The key factors like risk recovery, potential financial repercussions, market status, and budget flow should be considered before a decision is made. However, most millennials tend to throw these factors out of the nearest window.
Having a comprehensive understanding of how money grows is a must if you want to achieve success, both financially and personally. Don’t be one of those guys who could have made it big but didn’t because you could not manage your money. Be the guy who did make it big.
Here we discuss some of the key mistakes millennials tend to make when making financial decisions. Read them thoroughly, understand them, and make sure you do not commit them.
1. Not Building an Emergency Fund
People in the current generation believe in ‘living in the moment’ and do not focus on the future. Although it seems to be the right thing to do, not planning for the future can prove disastrous. Any financial calamity can occur suddenly, leading to a loss of assets or revenue. At such a time, if you do not have some additional deposit saved, you can find yourself in a pickle.
Hence, you should always keep an account separate for emergencies. As a result, even if there is a problem with your finances, you can use that deposit to sustain it. It is generally recommended to create an emergency fund covering 6 to 9 months of your expenditure.
2. Not Having a Budget
The revenue you earn every month is obvious to you. However, the expenditures are not. There can be any unforeseen expenses that may befall you any day.

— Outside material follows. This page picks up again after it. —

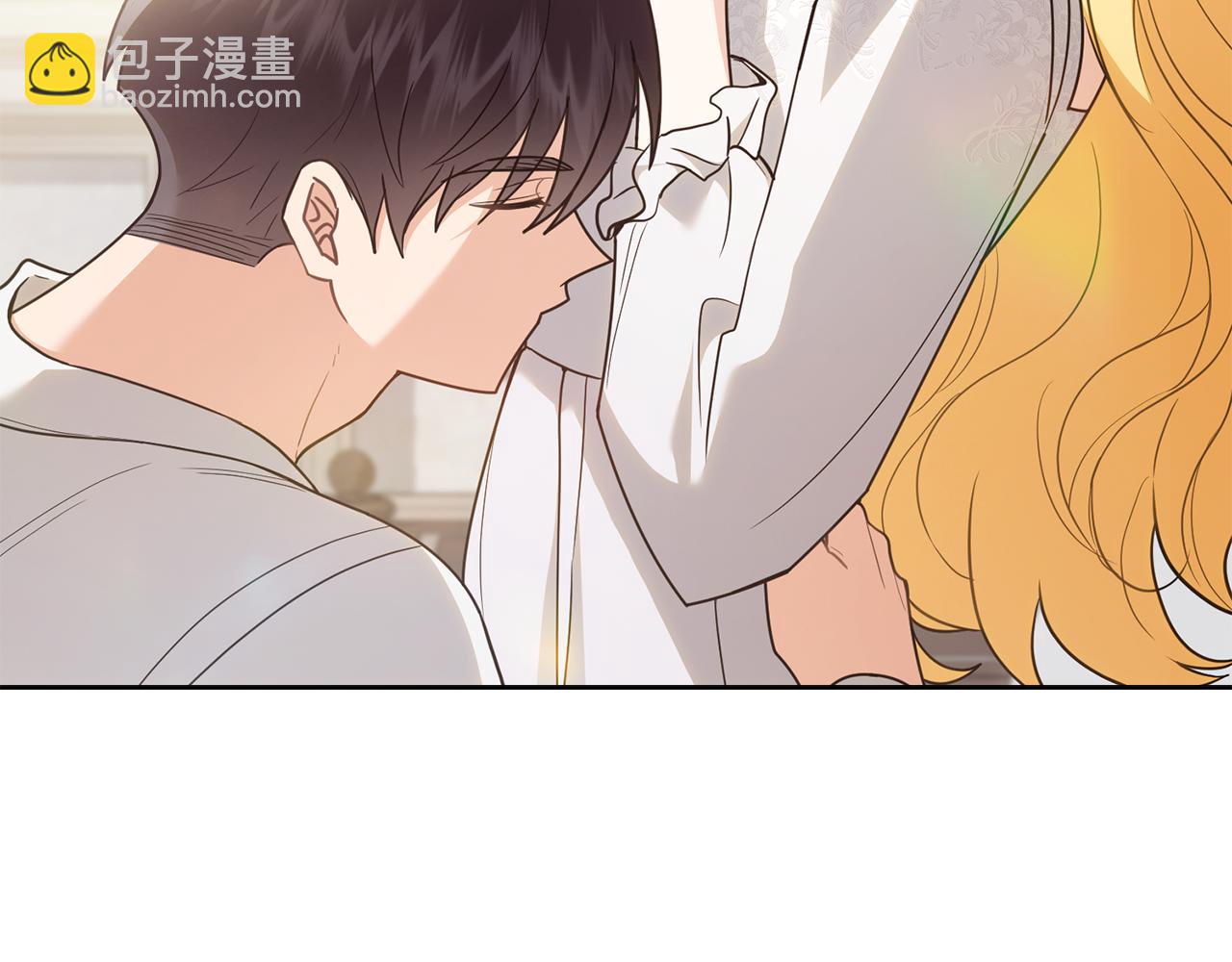 第112话 伸手就能触碰到你(1/4)-第116话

It can be an event like a rock concert, a commodity that you find attractive or useful, or there is an essential task such as repairing and maintenance that you did not expect. All these can be a dent in your earnings. Hence, you should plan for the month to start itself and keep some amount for the unforeseen expenditures.
3. Neglecting Cash Flow
It is essential to keep track of the cash flow. It means that you should be aware of how much revenue is coming in and going out. It is a normal tendency for individuals to increase their expenses with an increase in earnings.
However, sometimes you lose track of the expenses and spend on expensive yet worthless products that are not in accordance with the earnings.

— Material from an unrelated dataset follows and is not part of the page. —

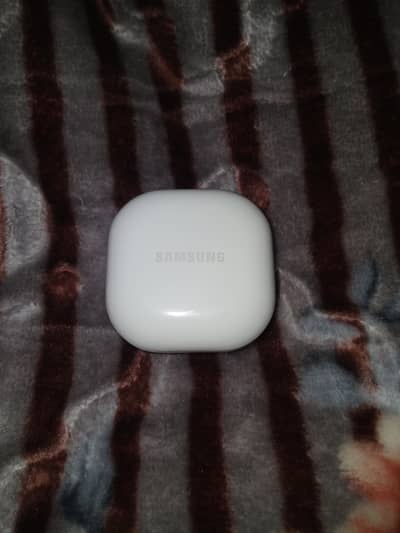 Samsung Galaxy FE Earbuds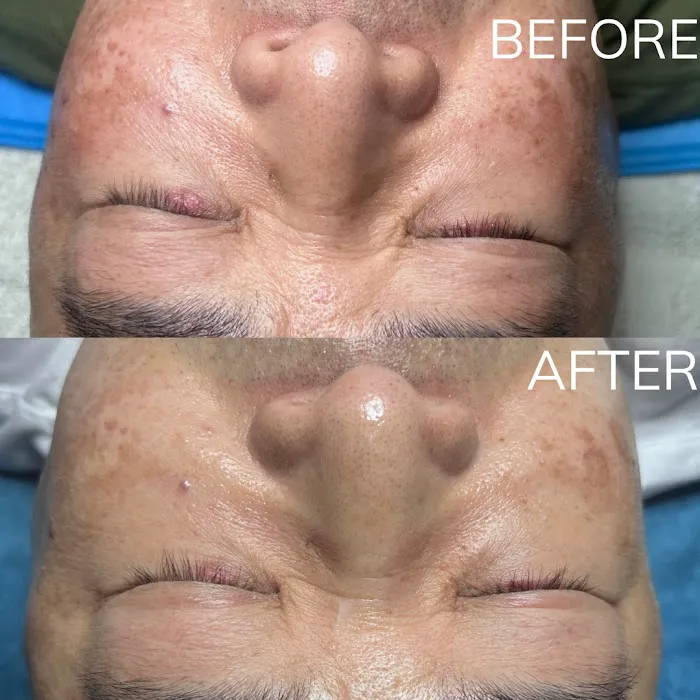 Glooms Glowing Escape Picture 9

4. Spending More Than the Income
You should never spend more than you earn. However, if that happens, you start digging into your savings and deplete it slowly. Hence, you should always monitor your earnings and see that the expenditure does not exceed it.
5. Getting Hung Up on Small Things
It means that you should be not getting caught up in saving the expenses on small stuff but miss out on huge savings in other aspects. For instance, if you decide to quit coffee, you could save a hundred dollars a month. However, at the same time, you buy something expensive that costs five hundred dollars, i.e., five months of saving on coffee.
6. Not Saving For Retirement
Saving for your retirement may seem to be a thankless task today, but indeed after years, you will thank yourself. You may realize that it is necessary to save for retirement but think that you have a lot of time. Instead, the earlier you start saving for retirement, the more the funds you will have after retirement.